Flanking states (S, N, B, E, C, T) are used for proper modeling of the ends of the sequence, either for global, local or fragment alignment of the profile. S, B, E, and T are silent, while N and C are used to insert symbols at the flanks.

Examples

Example 8. Creating an HMM Profile Structure

Create an HMM profile structure with 100 MATCH states, using the amino acid alphabet.

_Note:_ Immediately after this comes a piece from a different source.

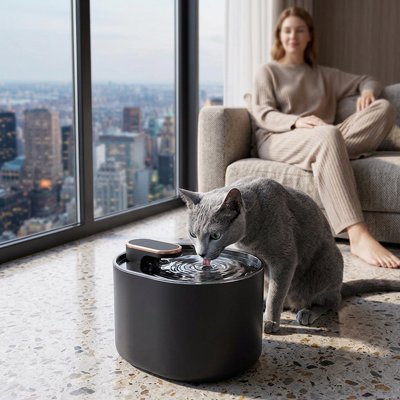Fontaine a eau Chat Purelia™ avec un dispositif de purification éliminant impuretés, poils et mauvais goûts pour une eau toujours propre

hmmProfile = hmmprofstruct(100,'Alphabet','AA')

hmmProfile = 

        ModelLength: 100
           Alphabet: 'AA'
      MatchEmission: [100x20 double]
     InsertEmission: [100x20 double]
       NullEmission: [1x20 double]
             BeginX: [101x1 double]
             MatchX: [99x4 double]
            InsertX: [99x2 double]
            DeleteX: [99x2 double]
    FlankingInsertX: [2x2 double]
              LoopX: [2x2 double]
              NullX: [2x1 double]
Example 9. Editing an HMM Profile Structure
  1. Use the pfamhmmread function to create an HMM profile structure from pf00002.ls, a PFAM HMM-formatted file included with the software.

    hmm02 = pfamhmmread('pf00002.ls');
  2. Modify the HMM profile structure to force a global alignment by setting the looping transition probabilities in the flanking insert states to zero.

    hmm02 = hmmprofstruct(hmm02,'FlankingInsertX',[0 0;1 1]);
    hmm02.FlankingInsertX
    
    ans =
    
         0     0
         1     1

Version History

Introduced before R2006a